Slamming Shut Open Access
Internet users are ready to switch to high-speed broadband. But they may be getting a lot less than they bargained for as regulatory changes create new Internet service monopolies.
This article is from the September/October 2002 issue of Dollars and Sense: The Magazine of Economic Justice available at http://www.dollarsandsense.org/archives/2002/0902stamoulis.html
This article is from the September/October 2002 issue of Dollars & Sense magazine.
at a discount.
Imagine typing in the web address for your favorite site—Alternet, Working Families, even your kid's soccer league site—then having to wait so long for it to appear that you give up. Or getting a message on the screen reading, "The website you requested is not included in your Internet package." Or finding out that the organization you're looking for no longer maintains a website. These disturbing possibilities may be a lot closer than you think. Technological changes, coupled with deregulation, may soon begin to radically limit diversity on the Internet. In fact, the open, pluralistic, free-for-all character of today's Internet could soon come to resemble something much more like cable TV, with rising prices, limited access, and a monotonous diet of mostly corporate content.
The 7,000 Internet Service Providers (ISPs) that are available today could soon dwindle down to just two or three for any one locality—your regional phone monopoly, your local cable monopoly, and possibly some emerging form of satellite Internet.
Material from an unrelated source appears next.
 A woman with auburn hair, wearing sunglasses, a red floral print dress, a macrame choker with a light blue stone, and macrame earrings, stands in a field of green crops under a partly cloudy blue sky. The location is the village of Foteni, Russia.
With that degree of market control, these companies would be likely to raise Internet rates astronomically. It's a trend that's already beginning. This summer, AT&T Broadband raised rates for its fastest Internet connection by as much as 80%, saying "there's nobody close to us in offering that value of service." Only the lack of competition in high-speed Internet services makes that statement true.
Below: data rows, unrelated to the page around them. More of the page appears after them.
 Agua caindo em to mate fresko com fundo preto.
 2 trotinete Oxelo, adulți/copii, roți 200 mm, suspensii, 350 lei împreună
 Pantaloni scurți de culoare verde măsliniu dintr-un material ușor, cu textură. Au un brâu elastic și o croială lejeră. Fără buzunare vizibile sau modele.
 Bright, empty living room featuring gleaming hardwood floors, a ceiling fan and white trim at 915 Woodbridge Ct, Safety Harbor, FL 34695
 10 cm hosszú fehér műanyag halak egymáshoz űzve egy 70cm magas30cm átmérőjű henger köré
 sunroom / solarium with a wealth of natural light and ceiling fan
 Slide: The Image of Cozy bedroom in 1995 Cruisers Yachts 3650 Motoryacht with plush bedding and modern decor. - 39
Worse, this lack of competition is likely to push up the cost of having a web site; web hosting that now costs $40 or so a month may soon be priced out of range for many small businesses and nonprofits. And even if your favorite media makers do manage to find the funds they need to pay for a website, the remaining ISPs could still decide that they are not invited to have one—at least not in an area of the Web any typical user will ever see.
No More Open Access
Many Internet users are ready to switch from their current, dial-up Internet access to some form of what's known as broadband: either DSL service, which is provided over the phone line by the local phone company itself or by another provider such as Earthlink, or a cable connection. Both forms of broadband offer certain advantages: they're faster than dial-up service and they don't tie up the phone line for ordinary calls. What many users don't know, however, is that as they switch to broadband, they are stepping into an Internet world that's dramatically different. Different not because of any inherent feature of the new technologies—different, rather, because the Federal Communications Commission (FCC) and Congress are currently overturning the public-interest rules that have encouraged the expansion of the Internet up until now.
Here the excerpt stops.